Worth noting here is that even though I created this via View Lots, a
similar transaction is recommended in the "manual" procedures outlined in
the user manual. There are several reasons this is problematic IMO.

First, we're creating money out of nowhere by introducing these "balancing"
entries that don't actually balance; arguably, I'd say it's leveraging a
behavior ("These 0 shares of something are worth $1,000!") that is arguably
a bug.

Second, if you've ever tried to enter these transactions MANUALLY, you know
that the UI goes out of its way to try to stop you from doing this weird
thing - GnuCash knows that the account is denominated in units of BIGCO,
not in USD, and until you master the art of forcing it to believe the
transaction involves zero shares, it will fight you every step of the way.

Thirdly, if you ever try to take your GnuCash book and export it to any
other bookkeeping system, these phantom transactions are going to
complicate your life immensely, because, at their heart, they really don't
make a lot of sense.  (If you look at how the BIGCO entries appear in the
General Journal, it becomes even more clear how weird these entries are.)

Here's an alternative way of accounting for cap gain that doesn't do this.
Just like BIGCO, we buy SMALLCO for $10:

[image: Screen Shot 2021-05-24 at 9.45.40 PM.png]

We sell it a few days later. But instead of using the market price in the
price-per-share column, let's just use the price of the lot we sold. Then
we add an income split for cash received - return of capital, which would
be trivial to do automatically.

[image: Screen Shot 2021-05-24 at 9.46.54 PM.png]

This transaction fully captures the same information as the first one, but
doesn't pollute your ledger with adjustment transactions that borrow
phantom dollars from non-dollar-denominated accounts. It should be
representable in any double-entry bookkeeping system and would make perfect
sense.

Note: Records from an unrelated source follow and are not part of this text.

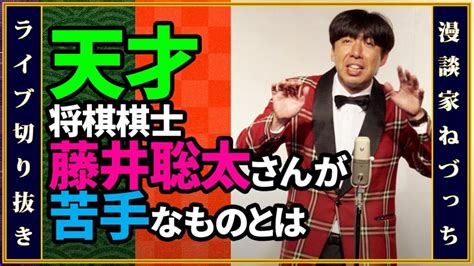 天才藤井聡太さんの苦手なこととは 切り抜き 期間限定 芸能人YouTubeまとめ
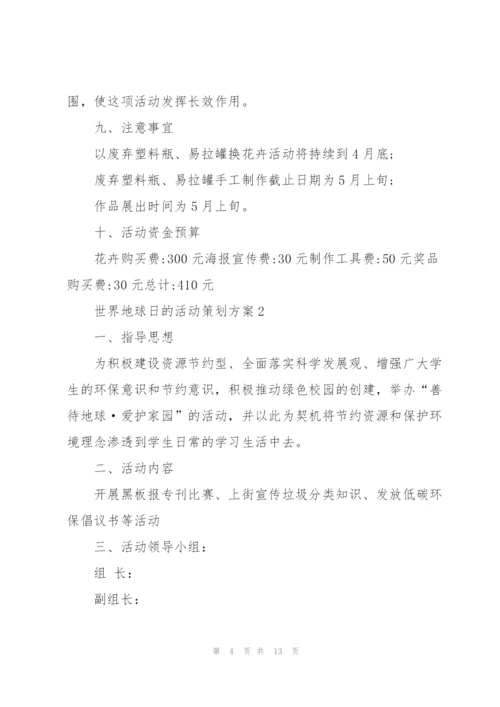 世界地球日的活动策划方案5篇.docx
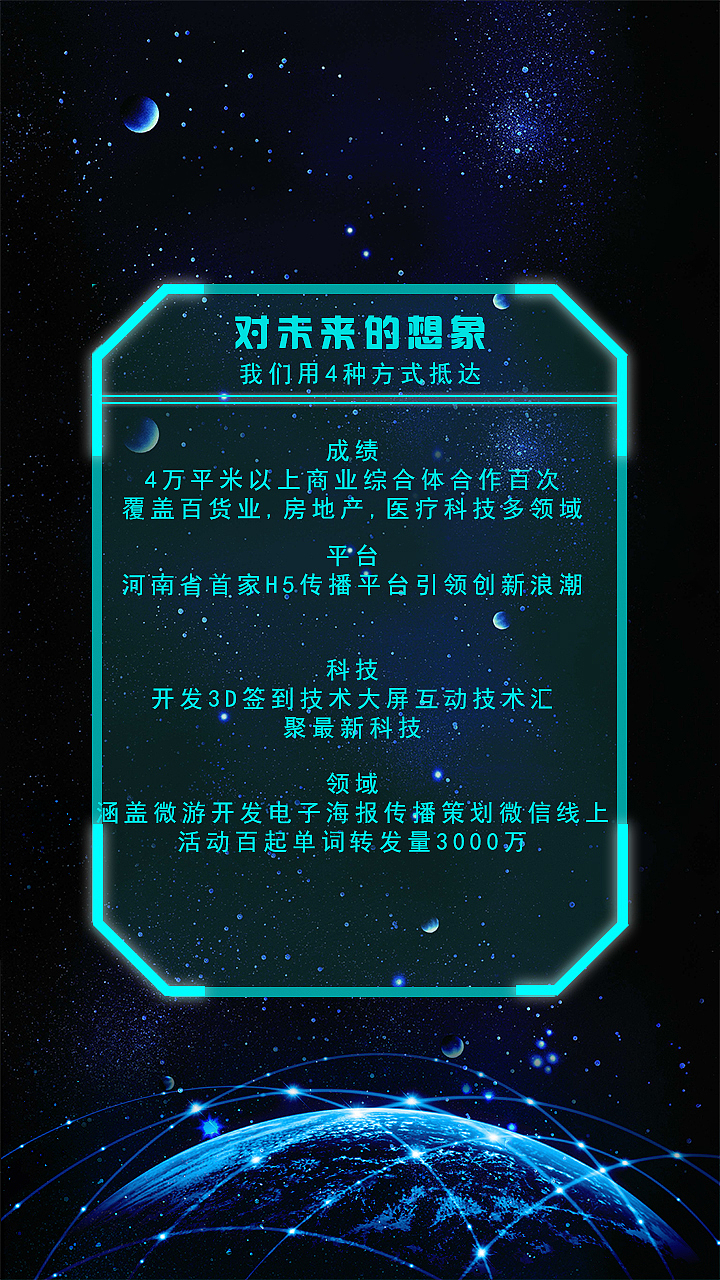 蓝鲸新媒招聘海报（图ZNDMyMjcwMjQ=） - APP界面 - 站酷设计师2595666666原创素材 - 站酷ZCOOL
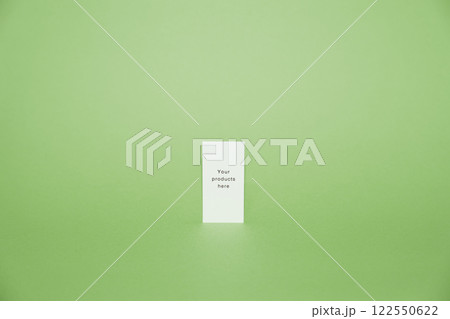 合成用背景_グリーン 122550622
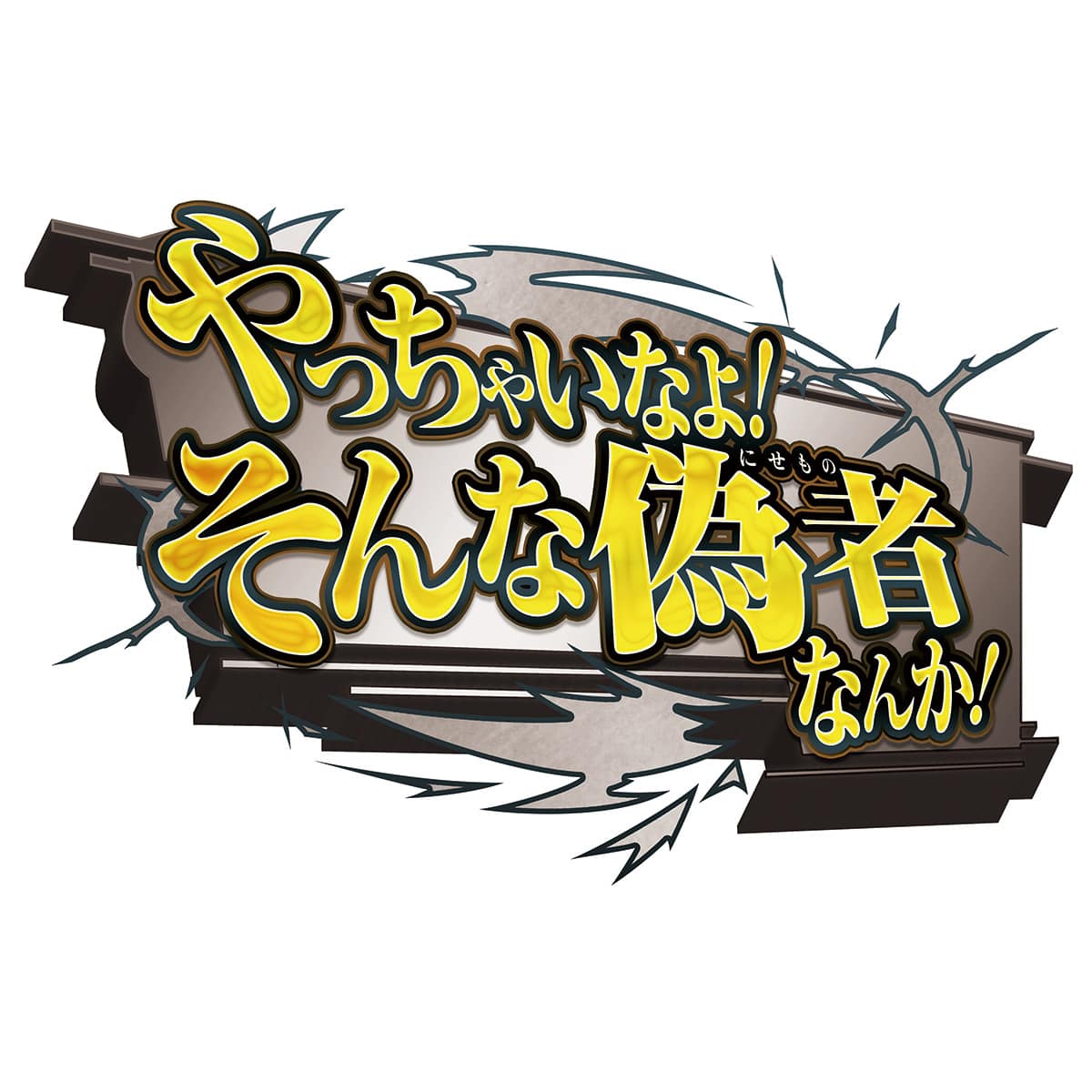 機動戦士ガンダム 閃光のハサウェイ キルケーの魔女 期間限定公式ショップ やっちゃいなよ！そんな偽者(にせもの)なんか！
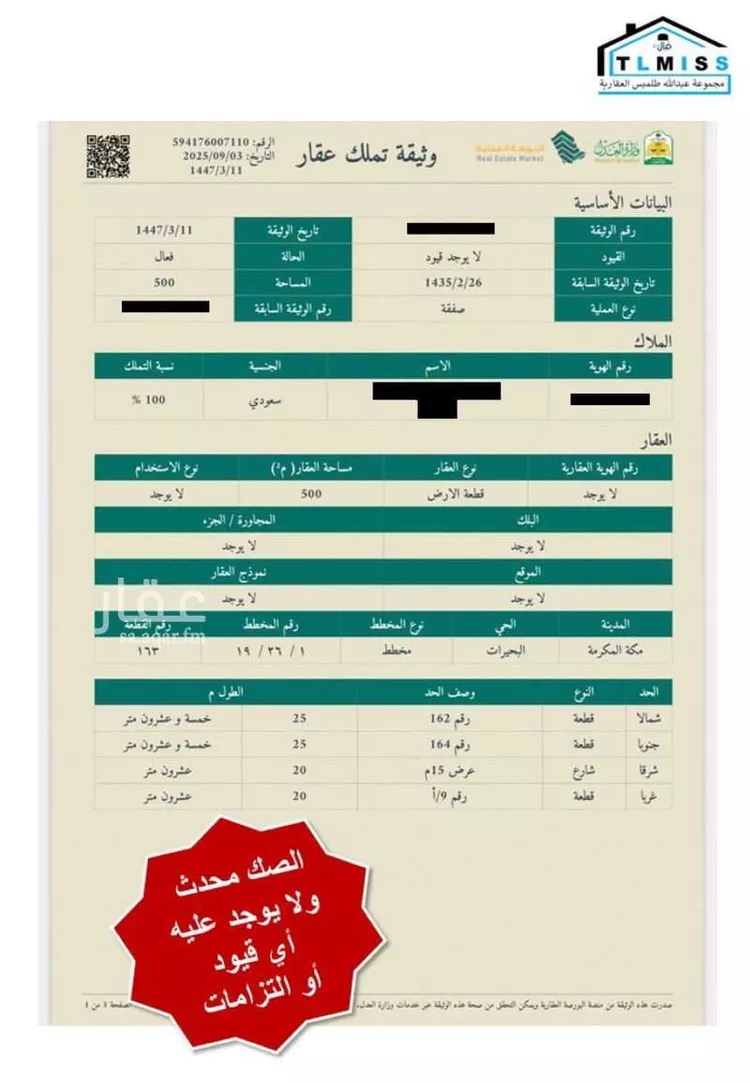 أرض للبيع في شارع إسحاق القيني, حي البحيرات, مدينة مكه المكرمه, منطقة مكة المكرمة صورة 4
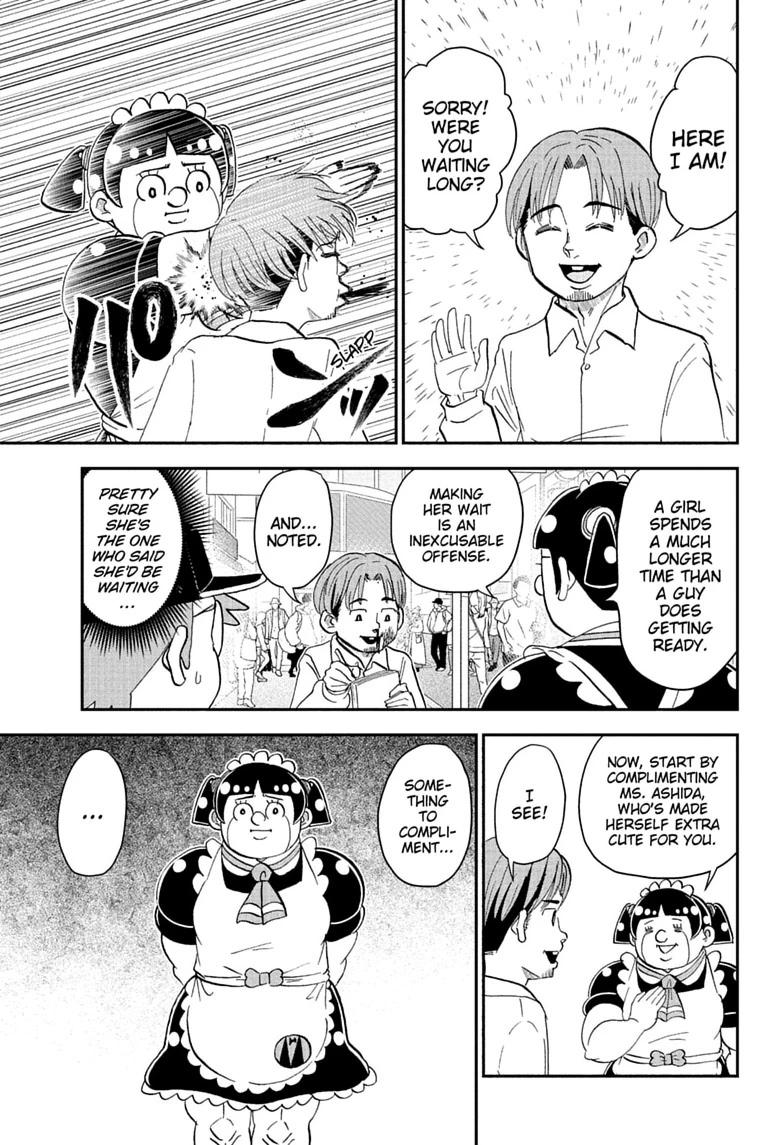 Me & Roboco Chapter 298 page 5 - Chapter 298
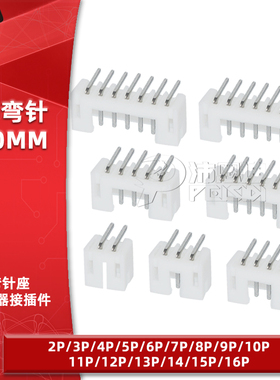 弯针座PH2.0mm间距2AW/3/4/5/6/8/9/10/12P弯针插座连接器接插件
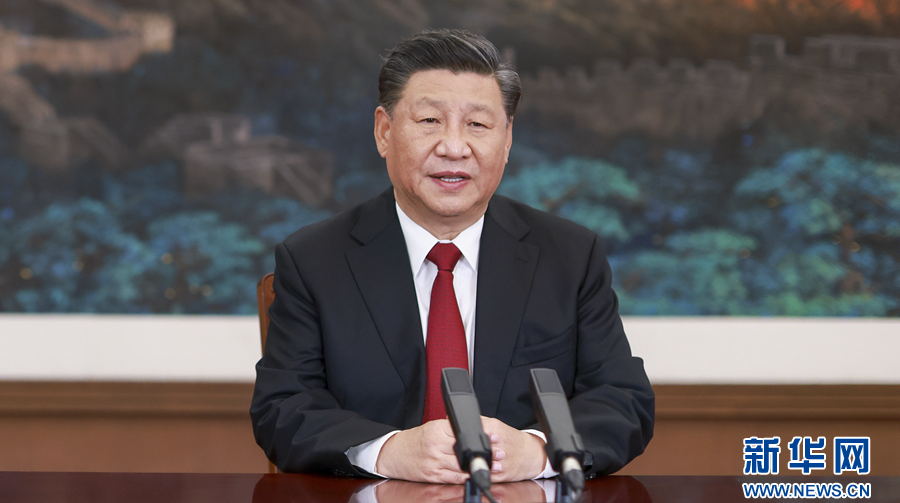 习近平在亚太经合组织工商领导人对话会上发表主旨演讲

In one sentence, what I'm proposing as a strawman is *ignore the
price field for the sale of stock and mutual funds, use the purchase cost
of the lots being sold to calculate Tot Sell, and make the Orphaned
Gains/Losses split part of the transaction by default*.

I think we end up in the BIGCO situation specifically because we are
assigning a semantic value to the price of the stock that is unwarranted.
We want that price to be meaningful for things like calculating the
unrealized gains in our portfolio (I want that too!) but in the sale
transaction all using that price does is complicate our lives. What we
actually want is the cost of the lot we're selling, not its market price.
We don't need the market price at all for the sale, because the other side
of the transaction is the cash we're getting, which fully accounts for it.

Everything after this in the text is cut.